Kemenko PMK Kerjasama Ulama Perempuan Lindungi Perempuan Pekerja Migran

Dari Kupipedia
Revisi per 3 September 2024 05.48 oleh Agus Munawir (bicara | kontrib)
(beda) ← Revisi sebelumnya | Revisi terkini (beda) | Revisi selanjutnya → (beda)
Loncat ke navigasi Loncat ke pencarian

Info Artikel

Sumber Original : KEMENKO PMK
Penulis : -
Tanggal Terbit : 28 Apr, 2021
Artikel Lengkap : Kemenko PMK Kerjasama Ulama Perempuan Lindungi Perempuan Pekerja Migran

Jakarta (27/4) -- Kekerasan terhadap Pekerja Migran Indonesia (PMI) khususnya perempuan masih menjadi persoalan.
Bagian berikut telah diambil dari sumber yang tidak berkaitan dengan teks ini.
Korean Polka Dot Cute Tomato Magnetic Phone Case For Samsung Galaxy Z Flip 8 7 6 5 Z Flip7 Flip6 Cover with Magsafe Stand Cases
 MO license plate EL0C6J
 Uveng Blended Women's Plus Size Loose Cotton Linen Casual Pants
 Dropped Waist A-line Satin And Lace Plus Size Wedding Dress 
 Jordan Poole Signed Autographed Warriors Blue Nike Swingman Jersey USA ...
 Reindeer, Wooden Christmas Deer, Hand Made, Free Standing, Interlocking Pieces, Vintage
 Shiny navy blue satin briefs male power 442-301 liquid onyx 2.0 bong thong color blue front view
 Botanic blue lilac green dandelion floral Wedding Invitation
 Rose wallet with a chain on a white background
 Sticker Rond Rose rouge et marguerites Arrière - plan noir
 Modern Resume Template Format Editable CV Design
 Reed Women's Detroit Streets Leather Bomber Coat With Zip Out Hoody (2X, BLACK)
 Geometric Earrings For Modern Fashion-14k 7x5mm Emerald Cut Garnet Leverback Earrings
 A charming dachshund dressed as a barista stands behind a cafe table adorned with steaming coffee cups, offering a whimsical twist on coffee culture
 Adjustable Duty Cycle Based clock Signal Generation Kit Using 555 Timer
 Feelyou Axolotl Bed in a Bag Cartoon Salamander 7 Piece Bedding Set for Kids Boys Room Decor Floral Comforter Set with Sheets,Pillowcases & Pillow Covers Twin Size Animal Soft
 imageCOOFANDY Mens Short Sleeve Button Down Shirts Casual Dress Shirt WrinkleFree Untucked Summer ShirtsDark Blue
Data Badan Perlindungan Pekerja Migran (BP2MI) menunjukkan total penempatan PMI pada tahun 2020 sebanyak 113.173 orang dengan jumlah perempuan sebanyak 90.500 orang.

Pemerintah bekerja sama dengan berbagai pihak untuk mengatasi persoalan tersebut. Diantaranya, bersama Kongres Ulama Perempuan Indonesia (KUPI) melakukan identifikasi permasalahan serta menyusun langkah strategis dalam perlindungan perempuan, khususnya pekerja migran.

Asisten Deputi Bidang Pemenuhan Hak, Perlindungan, dan Pemberdayaan Perempuan Kementerian Koordinator Bidang Pembangunan Manusia dan Kebudayaan (Kemenko PMK) Roos Diana Iskandar mengatakan bahwa pemerintah telah melakukan upaya dalam melindungi perempuan Indonesia, khususnya dari kekerasan berbasis gender dalam migrasi.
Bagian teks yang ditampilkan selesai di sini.